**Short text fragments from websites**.
=== Section Start ===

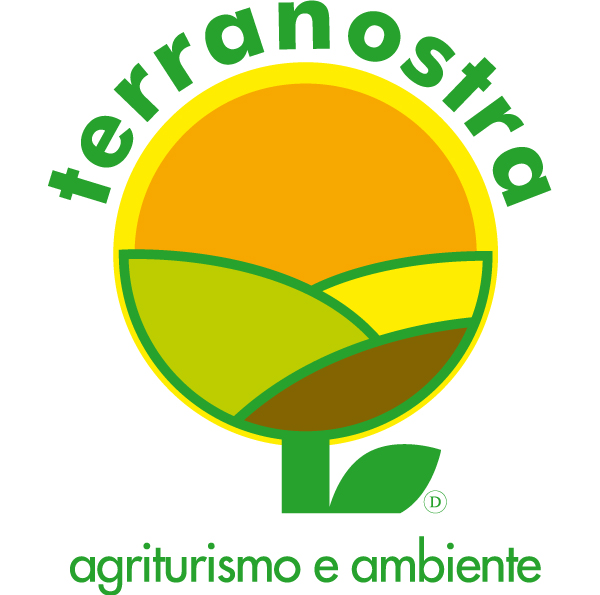 Terranostra agriturismo e ambiente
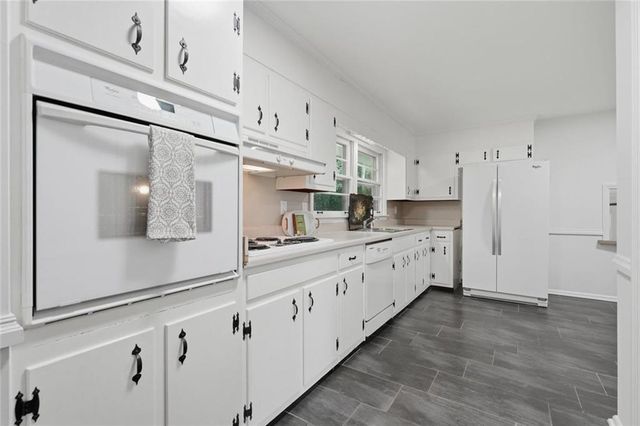 2999 Pine Orchard Drive, Tucker, GA 30084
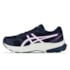 Tênis Esportivo Asics Gel-Nagoya St Feminino Midnight Azul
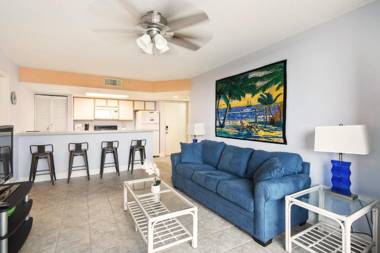 Salt Pond Hideaway 133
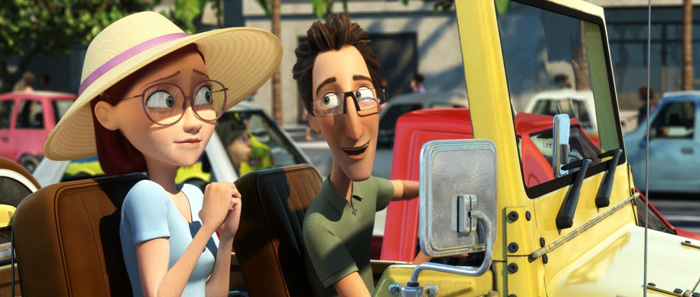 ���, �����.  �������� � ������: 16��������� � ������: 31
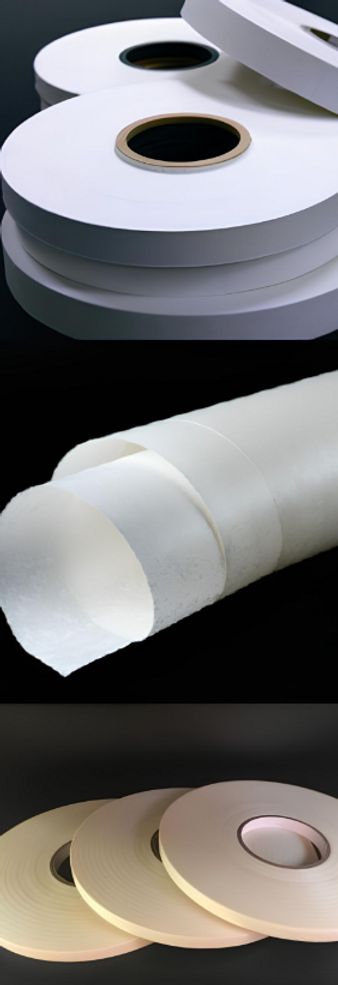 Nomex 410-411-993-994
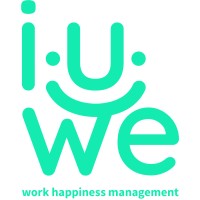 IUWE logo - Similar company to Chatham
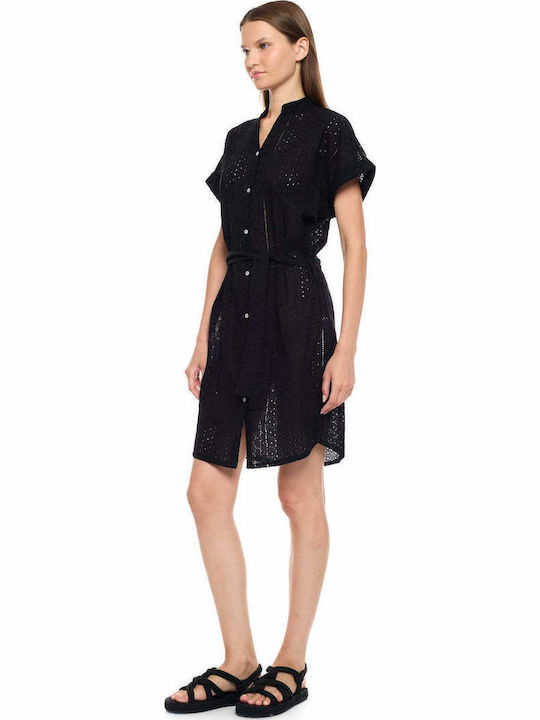 Pink Label BN304 Pink Label BN304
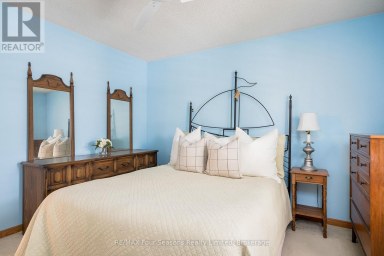 595365 4TH LINE Blue Mountains Ontario photo 16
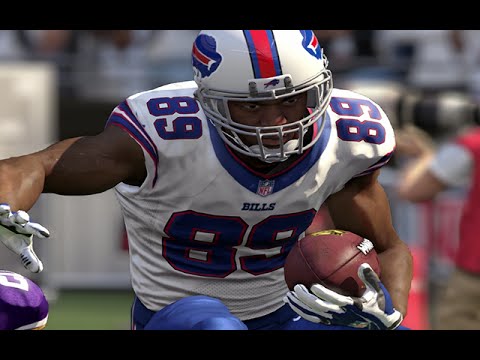 SPIN MOVE!! WOW SEE YA LATER | MADDEN 16 ULTIMATE TEAM GAMEPLAY | EPISODE 33
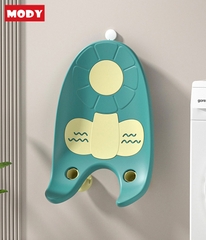 Ghế tắm và vệ sinh cho bé Mody M258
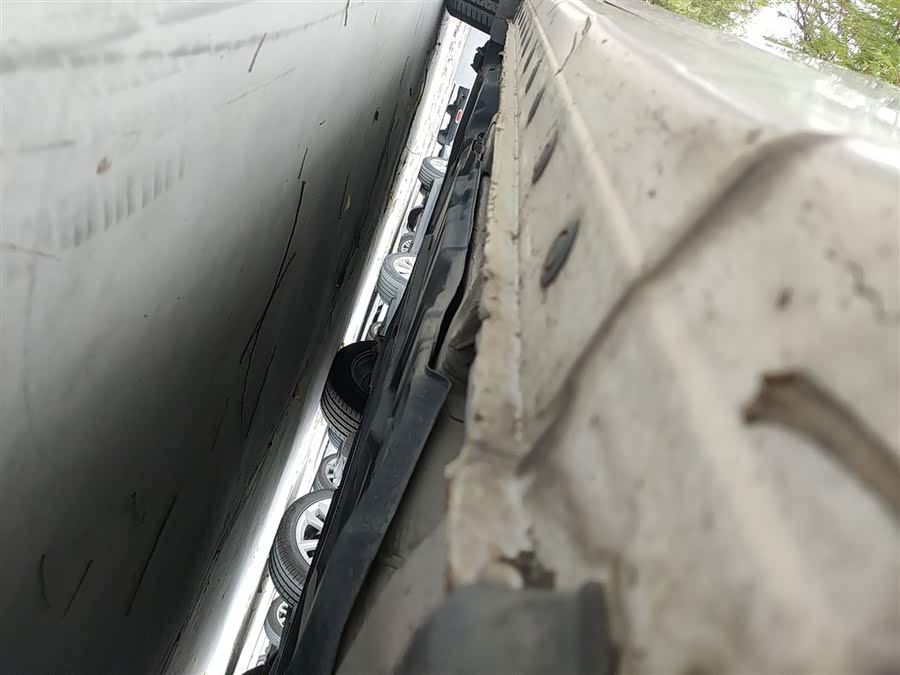 日产 轩逸·纯电 2019 汽车图片 #17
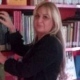 Antonella Di Martino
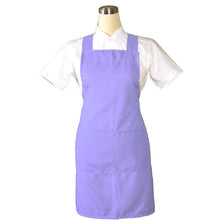 Salon Apron - 26A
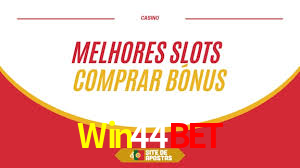 Win44Bet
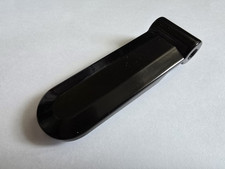 FORD 10 SERIES TRACTOR SUPER Q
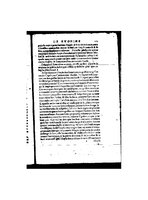 1555 Tresor de Evonime Philiatre Arnoullet 2_Page_304.jpg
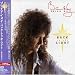 Brian May-Back to Light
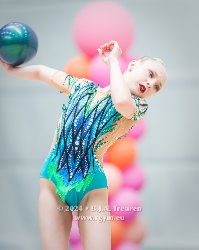 1845_03669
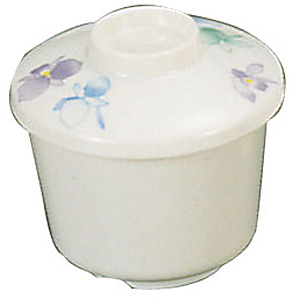 �G���e�b�N ���݂� �����~�� �����o �� �W�t�� ��95mm VO-42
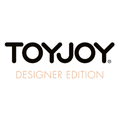 Designer Edition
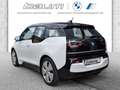 BMW i3 120Ah HK HiFi DAB WLAN Navi Bus. Tempomat Weiß - thumbnail 10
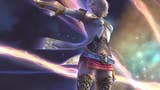 Final Fantasy 12: The Zodiac Age release op de PlayStation 4 bekend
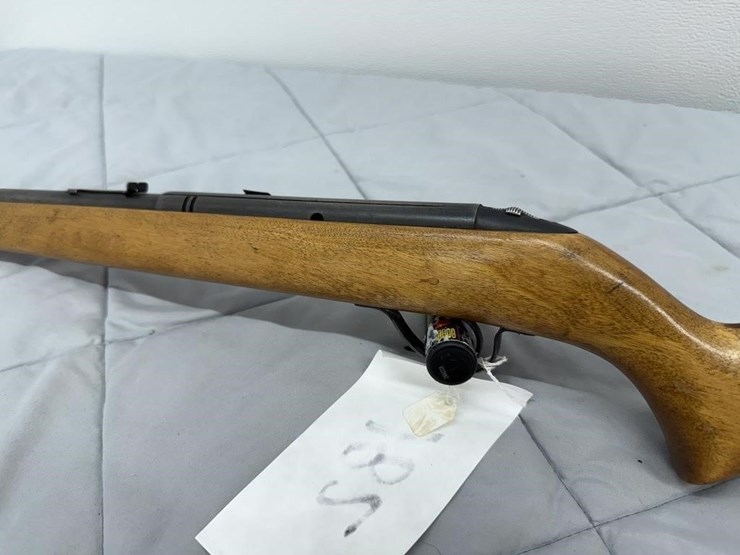 savage-model-187n-.22-s,l,-lr-rifle-image-5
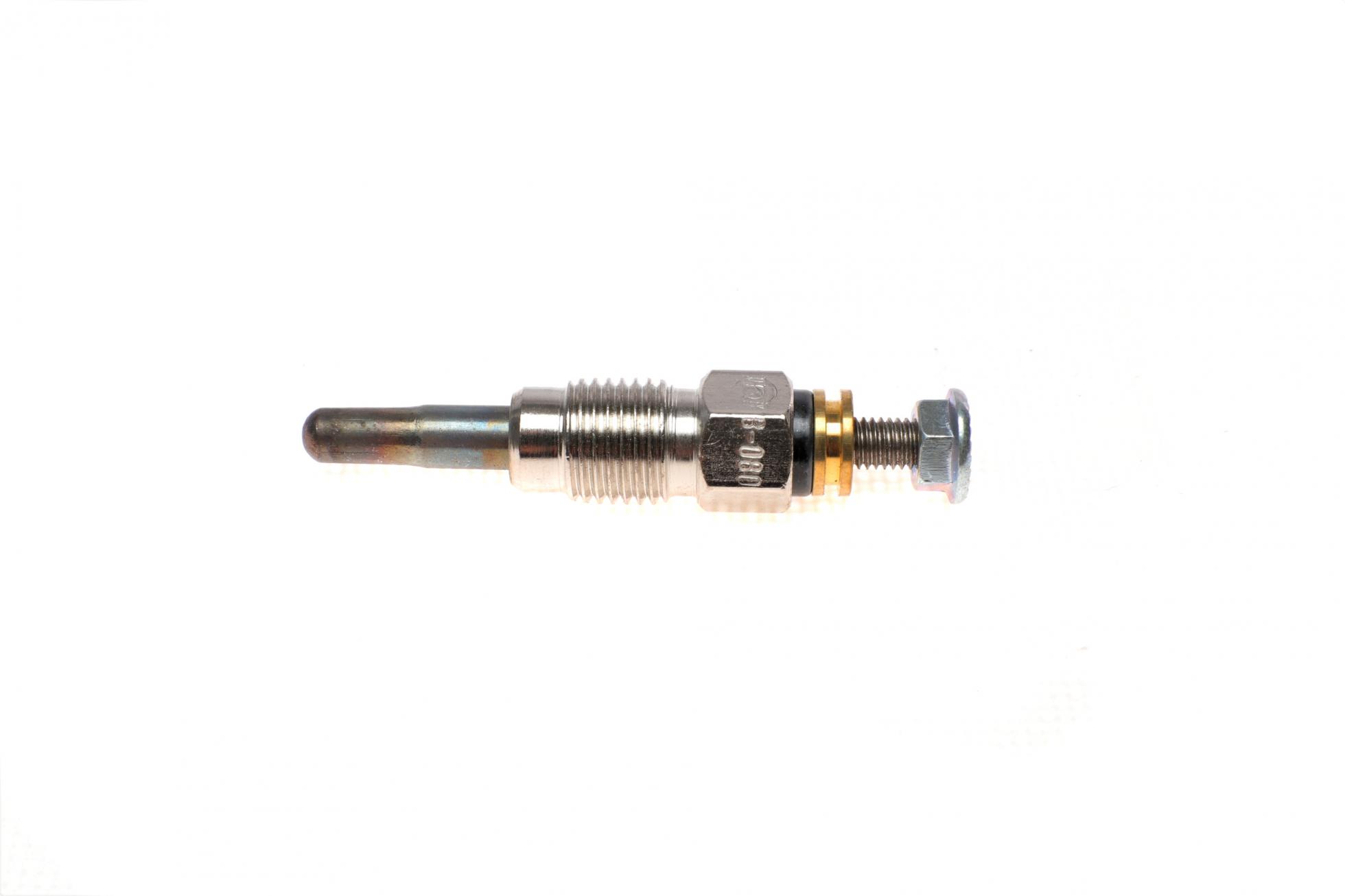 ADC41807 BLUE PRINT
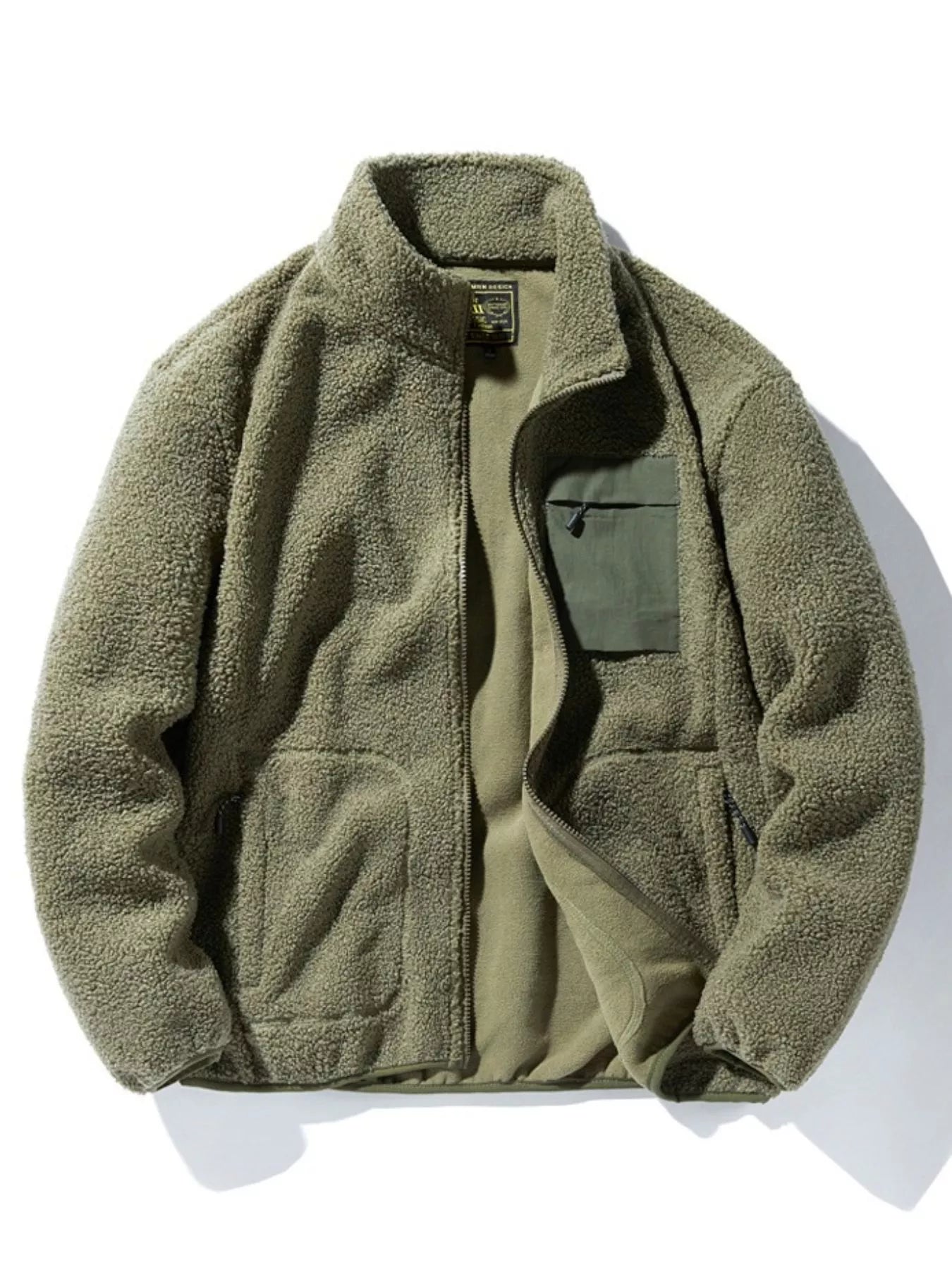 f3aecad1-9fc8-4f9b-a998-b868aa35c715-Max-Origin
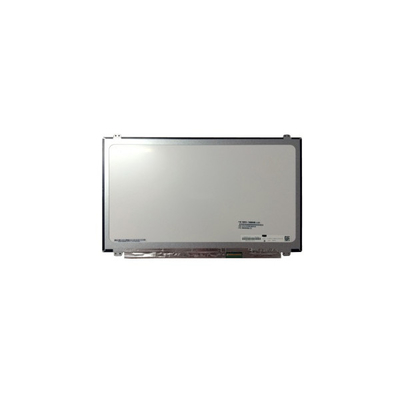 Bom preço N156HGE-LG1 15,6 polegadas 1920*1080 60Hz painel LCD on-line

=== Section End ===

What's needed is an exact copy of the lines above from the one with "Pink Label BN304 Pink Label BN304" through the one with "ADC41807 BLUE PRINT", both included; the pictures stay out.

 Pink Label BN304 Pink Label BN304
 595365 4TH LINE Blue Mountains Ontario photo 16
 SPIN MOVE!! WOW SEE YA LATER | MADDEN 16 ULTIMATE TEAM GAMEPLAY | EPISODE 33
 Ghế tắm và vệ sinh cho bé Mody M258
 日产 轩逸·纯电 2019 汽车图片 #17
 Antonella Di Martino
 Salon Apron - 26A
 Win44Bet
 FORD 10 SERIES TRACTOR SUPER Q
 1555 Tresor de Evonime Philiatre Arnoullet 2_Page_304.jpg
 Brian May-Back to Light
 1845_03669
 �G���e�b�N ���݂� �����~�� �����o �� �W�t�� ��95mm VO-42
 Designer Edition
 BMW i3 120Ah HK HiFi DAB WLAN Navi Bus. Tempomat Weiß - thumbnail 10
 Final Fantasy 12: The Zodiac Age release op de PlayStation 4 bekend
 savage-model-187n-.22-s,l,-lr-rifle-image-5
 ADC41807 BLUE PRINT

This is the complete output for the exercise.